The question of whether mobile-bearing total ankle arthroplasty (MB-TAA) or fixed-bearing total ankle arthroplasty (FB-TAA) is better remains a subject of ongoing discussion. Long-term success has been observed in the case of MB-TAA, while newer generation FB-TAA has demonstrated favorable outcomes during medium-term follow-up, but long term (>10 year) results are so far not available [
15,
40].
Nunley et al. compared patient satisfaction, functional outcomes, and X-ray findings when using the mobile-bearing STAR and the fixed-bearing Salto-Talaris implants. Data gathering encompassed VAS Pain Score, Short Form 36 questionnaire, Foot and Ankle Disability Index, Short Musculoskeletal Functional Assessment, and AOFAS-hindfoot score. Even though no specific sports analysis has been made, their findings indicated that patient-reported and clinical outcomes were positive for both implant designs, and there was no notable disparity in clinical improvement between the 2 types of implants. The occurrence of lucency/cyst formation in the tibial component was comparable. However, the MB-TAA exhibited more extensive lucency/cyst formation in the talus and experienced greater subsidence in both the tibial and talar components [
41].
In a direct comparison to the prosthesis used in our study, Henry JK et al. recently investigated the outcome of the fixed-bearing Vantage.

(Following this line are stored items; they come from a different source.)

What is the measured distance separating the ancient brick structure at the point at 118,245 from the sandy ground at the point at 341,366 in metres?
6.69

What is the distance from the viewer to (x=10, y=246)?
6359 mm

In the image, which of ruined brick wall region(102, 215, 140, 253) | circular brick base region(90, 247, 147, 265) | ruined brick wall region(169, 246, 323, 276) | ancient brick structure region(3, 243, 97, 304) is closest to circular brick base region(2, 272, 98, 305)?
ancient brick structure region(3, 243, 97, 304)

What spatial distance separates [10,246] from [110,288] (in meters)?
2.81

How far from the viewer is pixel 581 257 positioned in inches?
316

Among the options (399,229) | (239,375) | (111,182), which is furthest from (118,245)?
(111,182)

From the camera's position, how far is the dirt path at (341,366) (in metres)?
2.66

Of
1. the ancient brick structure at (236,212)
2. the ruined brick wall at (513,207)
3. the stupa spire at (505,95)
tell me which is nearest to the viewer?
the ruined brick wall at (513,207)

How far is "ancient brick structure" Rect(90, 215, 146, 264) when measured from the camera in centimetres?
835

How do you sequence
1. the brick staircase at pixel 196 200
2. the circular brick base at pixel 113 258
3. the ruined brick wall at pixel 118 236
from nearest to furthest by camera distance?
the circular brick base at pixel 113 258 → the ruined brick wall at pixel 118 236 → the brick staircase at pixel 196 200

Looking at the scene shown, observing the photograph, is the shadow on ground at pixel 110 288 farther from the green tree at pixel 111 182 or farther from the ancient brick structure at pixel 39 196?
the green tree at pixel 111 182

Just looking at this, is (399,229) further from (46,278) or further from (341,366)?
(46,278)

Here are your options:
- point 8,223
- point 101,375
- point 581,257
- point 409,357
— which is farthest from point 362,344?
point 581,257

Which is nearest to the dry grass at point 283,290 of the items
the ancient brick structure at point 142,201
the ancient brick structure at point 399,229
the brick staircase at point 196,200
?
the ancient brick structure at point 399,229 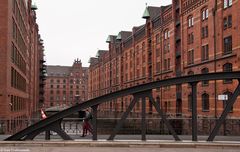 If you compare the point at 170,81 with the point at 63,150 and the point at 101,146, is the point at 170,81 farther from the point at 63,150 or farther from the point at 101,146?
the point at 63,150

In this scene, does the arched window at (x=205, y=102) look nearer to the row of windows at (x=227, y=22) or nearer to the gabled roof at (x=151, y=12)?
the row of windows at (x=227, y=22)

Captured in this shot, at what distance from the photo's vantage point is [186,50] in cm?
3819

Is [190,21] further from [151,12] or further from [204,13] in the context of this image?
[151,12]

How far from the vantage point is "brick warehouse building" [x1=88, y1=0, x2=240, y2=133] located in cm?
2964

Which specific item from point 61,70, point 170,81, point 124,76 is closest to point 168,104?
point 124,76

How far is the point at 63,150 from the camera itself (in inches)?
444

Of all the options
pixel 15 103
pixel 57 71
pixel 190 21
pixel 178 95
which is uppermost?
pixel 190 21

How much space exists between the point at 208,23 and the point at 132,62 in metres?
29.9

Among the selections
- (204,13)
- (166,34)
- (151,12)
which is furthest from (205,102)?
(151,12)

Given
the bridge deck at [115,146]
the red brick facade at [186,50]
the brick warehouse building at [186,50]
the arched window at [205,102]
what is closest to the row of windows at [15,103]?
the brick warehouse building at [186,50]

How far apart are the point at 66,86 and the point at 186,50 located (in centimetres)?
10471

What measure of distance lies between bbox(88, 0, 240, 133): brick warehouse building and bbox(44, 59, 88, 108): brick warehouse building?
7270 centimetres

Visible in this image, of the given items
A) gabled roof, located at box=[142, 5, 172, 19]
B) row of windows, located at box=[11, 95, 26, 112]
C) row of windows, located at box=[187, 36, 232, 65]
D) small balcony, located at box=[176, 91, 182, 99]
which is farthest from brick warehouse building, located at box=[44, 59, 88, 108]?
row of windows, located at box=[187, 36, 232, 65]

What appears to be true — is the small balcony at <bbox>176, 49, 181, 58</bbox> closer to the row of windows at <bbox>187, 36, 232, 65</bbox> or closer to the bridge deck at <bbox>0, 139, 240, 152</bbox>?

After a follow-up period averaging 2.81 years, implant failure has been registered in 10 cases (5.8%). Among these, 6 exhibited loosening of the tibial component. Of the other 4, 1 was attributed to periprosthetic joint infection, 1 to loosening of the talar component, and 2 to loosening of both the tibial and talar components. Asymptomatic peri-implant lucency/subsidence was observed in 20.1% of ankles, with the majority involving the tibial component, specifically 25 cases. Comparing these results to our data, MB-Vantage shows superior outcomes regarding complications and implant failures, compared to its fixed bearing counterpart [
40].
This study is limited in that the follow-up period is only medium-term. To arrive at meaningful conclusions regarding the impact of varying levels of sport engagement and different types of sports on TAA, it is essential to assess this cohort over a longer period, which our group intends to do. Additionally, the sports activity score only reflects the frequency of sports participation and does not account for varying physical demands associated with different activities. To address potential confounding factors related to psychology and social influences on sports activity, it would have been beneficial to include SF-36 scores in this study.